Tony Soprano the mafioso is talking to his shrink and saying that if word got out that he was seeking help for a mental condition he would be "finished"; he meant deposed and bumped off. In an arena of so-called real men it is seen as a sign of weakness.
Geoff Boycott is merely ignorant and egotistic. He is no worse than many others, regretably.
Bazza’s Blog ‘To Discover Ice’
David said…
Dear bazza,
It does seem that amongst men in particular, depression, or perhaps any mental illness, is seen as a sign of weakness. As you point out, with your reference to "The Sopranos", it seems particularly bad in "macho" cultures. So Boycott was probably just voicing a widely held belief. But that doesn't make it right, either.

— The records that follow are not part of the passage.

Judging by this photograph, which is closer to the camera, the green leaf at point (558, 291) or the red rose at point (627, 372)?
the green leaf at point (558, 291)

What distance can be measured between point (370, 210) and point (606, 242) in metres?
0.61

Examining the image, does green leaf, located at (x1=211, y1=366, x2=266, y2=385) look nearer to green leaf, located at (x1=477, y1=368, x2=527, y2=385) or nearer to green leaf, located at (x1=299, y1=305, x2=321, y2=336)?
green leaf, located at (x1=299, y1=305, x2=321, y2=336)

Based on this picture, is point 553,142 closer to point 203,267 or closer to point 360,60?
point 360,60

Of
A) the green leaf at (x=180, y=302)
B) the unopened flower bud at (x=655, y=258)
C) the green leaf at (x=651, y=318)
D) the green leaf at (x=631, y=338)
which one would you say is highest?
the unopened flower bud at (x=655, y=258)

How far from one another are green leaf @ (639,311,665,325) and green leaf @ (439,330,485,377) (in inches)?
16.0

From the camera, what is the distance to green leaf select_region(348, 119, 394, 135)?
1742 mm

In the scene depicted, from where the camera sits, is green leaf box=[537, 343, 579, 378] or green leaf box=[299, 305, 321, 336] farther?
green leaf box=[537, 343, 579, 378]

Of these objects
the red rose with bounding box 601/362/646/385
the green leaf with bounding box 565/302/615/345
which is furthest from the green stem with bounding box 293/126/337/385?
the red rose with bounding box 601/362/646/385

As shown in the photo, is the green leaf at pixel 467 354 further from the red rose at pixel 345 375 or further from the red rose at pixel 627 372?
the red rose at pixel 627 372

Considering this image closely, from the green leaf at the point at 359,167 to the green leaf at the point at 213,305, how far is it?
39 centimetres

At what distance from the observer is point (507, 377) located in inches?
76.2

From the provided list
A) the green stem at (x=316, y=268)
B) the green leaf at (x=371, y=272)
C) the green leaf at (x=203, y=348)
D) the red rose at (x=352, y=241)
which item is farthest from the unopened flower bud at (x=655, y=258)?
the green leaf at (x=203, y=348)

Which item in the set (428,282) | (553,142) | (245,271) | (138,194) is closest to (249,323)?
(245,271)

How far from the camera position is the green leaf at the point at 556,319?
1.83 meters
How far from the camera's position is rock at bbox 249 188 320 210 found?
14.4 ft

Anyway, thanks for your comments, bazza. They are always welcome.
Yours with Very Best Wishes,
klahanie said…
Dear David,
Sorry for such tardiness in my comment on this posting. I'm rather frazzled from setting up that awards blog that you were a most notable recipient of. And thus, exhausted, yet determined, at three in the morning, I submit my comment.
Ah yes, Geoffrey Boycott. I was hoping that sort of attitude went away with the 'dinosaurs'. That 'when I were a lad..' and 'big boys don't cry', tough guy mentality he endeavours to portray.

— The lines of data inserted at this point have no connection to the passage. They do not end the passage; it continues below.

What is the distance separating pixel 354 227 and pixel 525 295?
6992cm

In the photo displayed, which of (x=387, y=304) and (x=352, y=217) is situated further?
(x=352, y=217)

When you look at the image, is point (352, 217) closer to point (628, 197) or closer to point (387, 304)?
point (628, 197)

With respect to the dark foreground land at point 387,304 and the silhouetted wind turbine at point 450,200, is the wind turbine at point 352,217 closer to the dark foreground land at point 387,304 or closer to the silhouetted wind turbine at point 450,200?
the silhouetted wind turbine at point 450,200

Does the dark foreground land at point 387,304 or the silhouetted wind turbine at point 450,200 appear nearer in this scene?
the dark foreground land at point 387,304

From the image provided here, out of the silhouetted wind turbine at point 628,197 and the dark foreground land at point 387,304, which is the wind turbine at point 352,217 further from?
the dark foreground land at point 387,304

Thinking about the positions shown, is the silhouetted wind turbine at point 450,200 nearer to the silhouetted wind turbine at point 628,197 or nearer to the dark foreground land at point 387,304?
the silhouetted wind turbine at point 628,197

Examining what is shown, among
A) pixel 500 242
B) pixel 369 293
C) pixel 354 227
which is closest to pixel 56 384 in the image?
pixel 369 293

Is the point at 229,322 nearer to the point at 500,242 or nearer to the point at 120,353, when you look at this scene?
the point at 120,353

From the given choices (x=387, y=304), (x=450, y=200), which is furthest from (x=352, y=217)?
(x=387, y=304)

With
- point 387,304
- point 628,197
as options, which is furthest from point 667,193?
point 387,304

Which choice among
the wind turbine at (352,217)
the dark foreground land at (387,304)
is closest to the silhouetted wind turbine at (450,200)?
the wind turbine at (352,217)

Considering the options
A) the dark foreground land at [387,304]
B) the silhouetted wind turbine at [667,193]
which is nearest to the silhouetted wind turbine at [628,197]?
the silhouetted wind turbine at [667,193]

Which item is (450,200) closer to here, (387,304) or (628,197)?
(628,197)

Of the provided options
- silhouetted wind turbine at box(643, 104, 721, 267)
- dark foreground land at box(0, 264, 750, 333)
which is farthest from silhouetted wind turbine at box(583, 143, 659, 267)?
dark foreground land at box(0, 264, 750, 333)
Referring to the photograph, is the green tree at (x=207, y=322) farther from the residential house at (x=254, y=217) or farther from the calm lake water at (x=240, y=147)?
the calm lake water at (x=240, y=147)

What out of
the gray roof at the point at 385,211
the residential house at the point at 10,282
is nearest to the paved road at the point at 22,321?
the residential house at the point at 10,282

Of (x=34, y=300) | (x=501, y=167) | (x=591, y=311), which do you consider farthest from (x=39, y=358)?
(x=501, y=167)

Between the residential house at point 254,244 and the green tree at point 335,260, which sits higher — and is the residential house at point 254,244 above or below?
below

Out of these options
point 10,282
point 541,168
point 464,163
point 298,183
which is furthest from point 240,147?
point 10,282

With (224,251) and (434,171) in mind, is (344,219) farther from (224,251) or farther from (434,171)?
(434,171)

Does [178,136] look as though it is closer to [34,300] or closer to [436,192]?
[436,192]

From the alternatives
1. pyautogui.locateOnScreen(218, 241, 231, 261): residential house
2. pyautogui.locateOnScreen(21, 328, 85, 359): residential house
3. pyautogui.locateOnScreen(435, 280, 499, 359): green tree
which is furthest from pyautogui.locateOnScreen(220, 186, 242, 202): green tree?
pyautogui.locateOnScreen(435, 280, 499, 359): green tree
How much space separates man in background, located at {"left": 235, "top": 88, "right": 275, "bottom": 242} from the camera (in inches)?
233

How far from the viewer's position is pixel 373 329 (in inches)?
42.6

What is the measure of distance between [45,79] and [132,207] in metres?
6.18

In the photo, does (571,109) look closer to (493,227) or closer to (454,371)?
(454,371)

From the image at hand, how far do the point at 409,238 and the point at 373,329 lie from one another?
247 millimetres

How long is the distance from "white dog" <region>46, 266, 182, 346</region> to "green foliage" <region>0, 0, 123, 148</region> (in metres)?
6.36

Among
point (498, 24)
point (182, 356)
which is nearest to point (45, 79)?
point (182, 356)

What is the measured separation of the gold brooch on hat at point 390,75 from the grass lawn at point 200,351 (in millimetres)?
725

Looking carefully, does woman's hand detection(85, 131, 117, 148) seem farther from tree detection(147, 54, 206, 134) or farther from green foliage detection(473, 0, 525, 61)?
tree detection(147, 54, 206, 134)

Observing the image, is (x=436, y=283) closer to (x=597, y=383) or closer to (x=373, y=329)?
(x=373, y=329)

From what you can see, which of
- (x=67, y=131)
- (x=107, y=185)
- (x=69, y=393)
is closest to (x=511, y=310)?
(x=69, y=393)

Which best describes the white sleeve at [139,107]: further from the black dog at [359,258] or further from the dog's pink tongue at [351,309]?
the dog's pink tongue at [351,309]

Indeed, I wholeheartedly agree with you. For admission of having concerns about one's mental health well being, shows a 'real man' open and sincere enough to admit he is struggling and thus needs time to come to terms with his mental health needs and hopefully finds the resources to help him feel better. Me thinks that Mr. Boycott is rather insecure and hides behind the mask created by his superficial 'macho man' persona.
Talk to you soon, my friend.
With respect and good wishes, Gary.
David said…
Dear Gary,
Couldn't have said it better myself. Or perhaps I did.